Het onderzoek ter zitting vond plaats op 9 oktober 2009. Appellant liet zich bijstaan door mr. M.J.A.M. Tonnaer, advocaat te Geleen. Het Uwv verscheen niet.
1. Het beroep richt zich tegen het ter uitvoering van de Wet op de arbeidsongeschiktheidsverzekering (WAO) op 29 juni 2007 door het Uwv bekend gemaakte besluit. Hierbij handhaaft het Uwv zijn besluit van 9 januari 2007, waarbij hij weigert terug te komen van het besluit van 3 juni 1980. Dat laatste besluit strekt tot het buiten aanmerking laten van appellants arbeidsongeschiktheid, omdat hij geen gevolg gaf aan oproepingen voor het spreekuur van de verzekeringsarts.
2. De rechtbank verklaarde het beroep ongegrond.
3.1. De Raad gaat uit van de volgende feiten.
3.2. Appellant woonde destijds in [woonplaats]. Van die gemeente kreeg hij een uitkering op grond van de Wet Werkloosheidsvoorziening. Vanuit die situatie meldde hij zich arbeidsongeschikt.
3.3. De verzekeringsarts riep appellant in april en mei 1980 vier keer op voor zijn spreekuur. Appellant verscheen niet.
3.4. In de loop van 1980 verhuisde appellant naar Duitsland. Het meldingsformulier van 11 mei 1981 vermeldt als appellants verklaring voor het niet verschijnen op het spreekuur dat hij naar Duitsland was verhuisd en de oproepingen niet ontving, ondanks zijn verzoek aan het postkantoor om zijn post naar zijn Duitse adres door te sturen.
3.5. Op 6 april 2005 verzocht appellant aan het Uwv om “herziening van een eerdere beslissing”, ondersteund door enkele (para-)medische verklaringen.

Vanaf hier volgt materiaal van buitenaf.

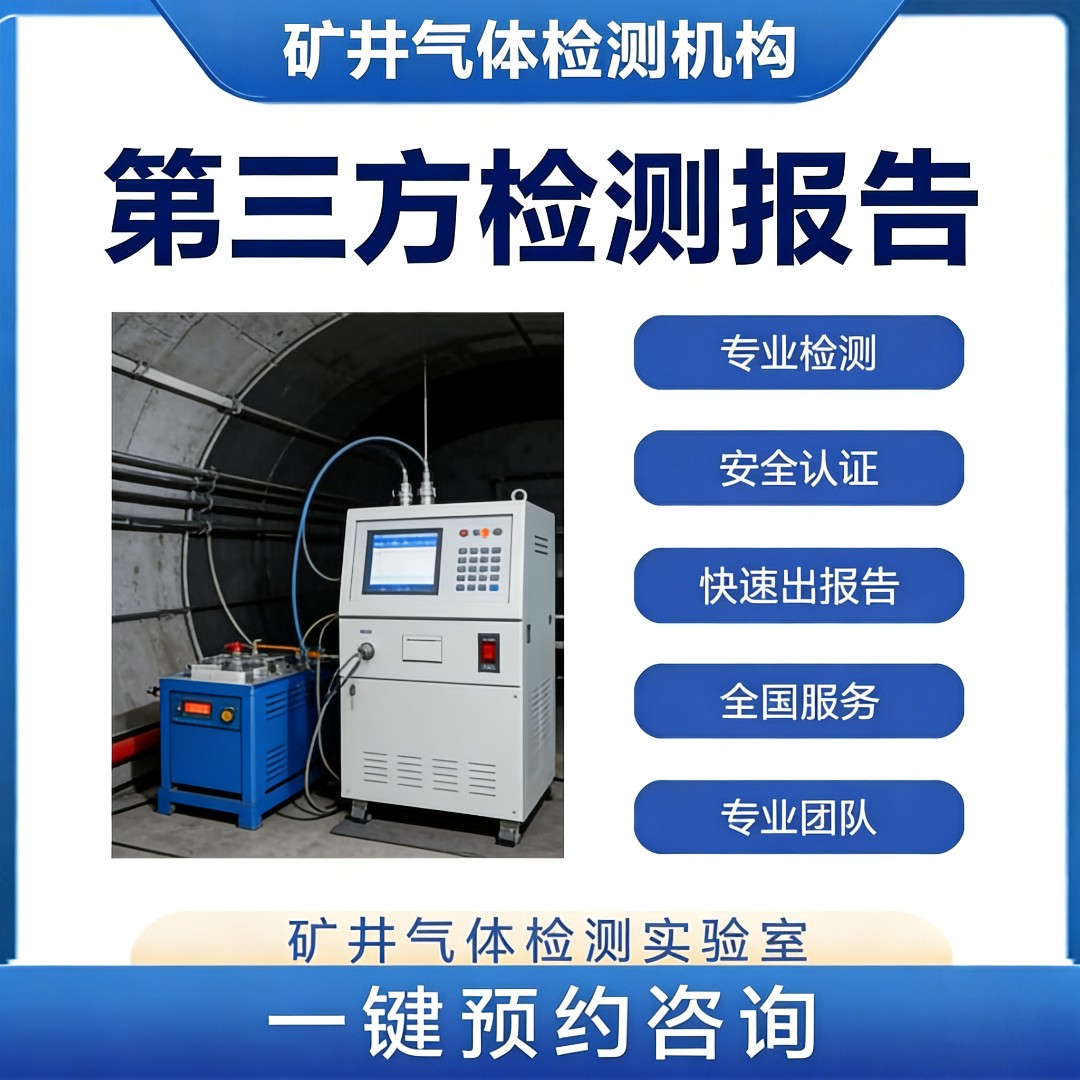 矿井气体检测机构-矿井气体成分检测中心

Op 5 januari 2007 lichtte appellant toe dat hij de oproepingen voor het spreekuur niet ontving, vermoedelijk vanwege zijn verhuizing naar Duitsland. Zijn verhuizing gaf hij aan de gemeente [woonplaats] door en (telefonisch) aan de rechtsvoorganger van het Uwv.
4.1. In hoger beroep herhaalt appellant zijn stelling dat hem geen verwijt treft dat hij niet op het spreekuur van de verzekeringsarts verscheen.

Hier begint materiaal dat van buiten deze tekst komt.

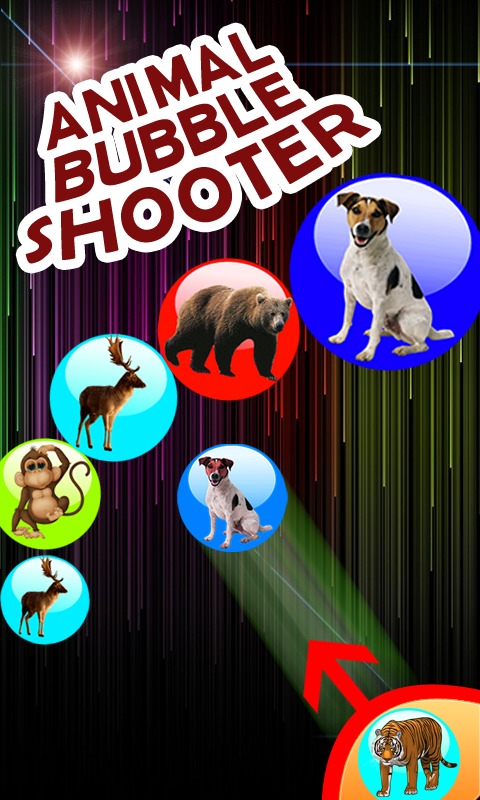 Angry Animal Bubble Shooter截图5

4.2. De door hem bij zijn herzieningsverzoek gevoegde (para-)medische informatie toont volgens appellant aan dat hij lichamelijke beperkingen heeft, die vroeger niet bekend waren en moeten leiden tot een ander oordeel “dan in het besluit van 7 oktober 2004”.
4.3. Verder stelt appellant dat het besluit van 3 juni 1980 “hem niet in een eerder stadium kenbaar was”.

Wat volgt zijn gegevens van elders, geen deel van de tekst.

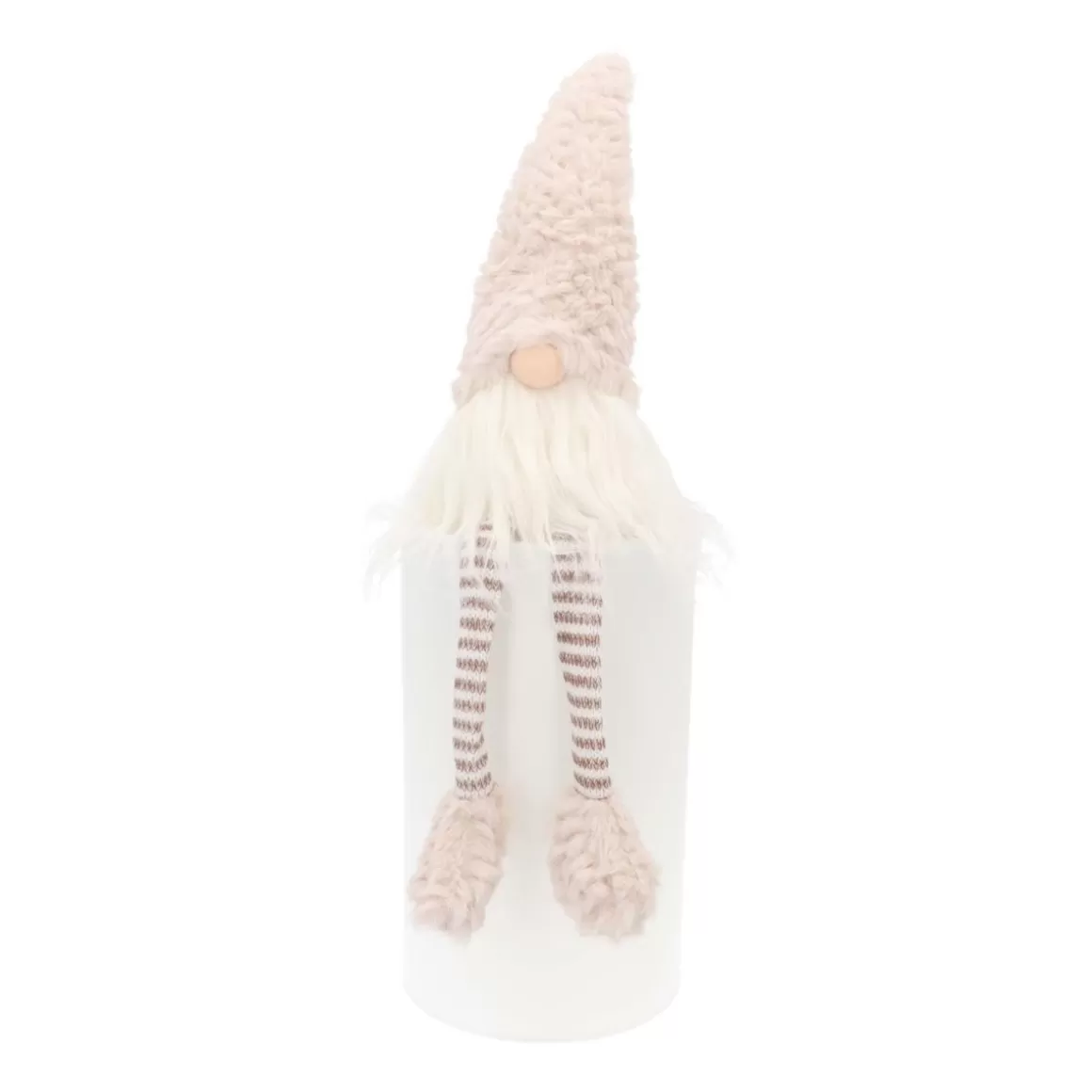 It's all about Christmas All Christmas Decorations | Christmas Figurines-Sitting Gnome | Taupe | 45cm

5.1. De Raad overweegt het volgende.
5.2. Appellant verzocht om terug te komen van het besluit van 3 juni 1980. Het besluit van 7 oktober 2004, waarbij het Uwv de toekenning van een WAO-uitkering aan appellant weigerde, omdat hij op 2 juni 2004 niet verzekerd was, is voor de beoordeling van dat verzoek van geen belang.
5.3.1. De rechtbank heeft vastgesteld dat het besluit van 3 juni 1980 “in een eerder stadium” aan appellant bekend was. Met de stelling onder 4.3 keert appellant zich tegen dat oordeel.
5.3.2. Uit het meldingsformulier van 11 mei 1981 blijkt dat appellant in elk geval voor die datum met het afwijzend besluit van 3 juni 1980 bekend was en de Raad gaat er van uit dat hij (ook toen) geen rechtsmiddel hiertegen aanwendde.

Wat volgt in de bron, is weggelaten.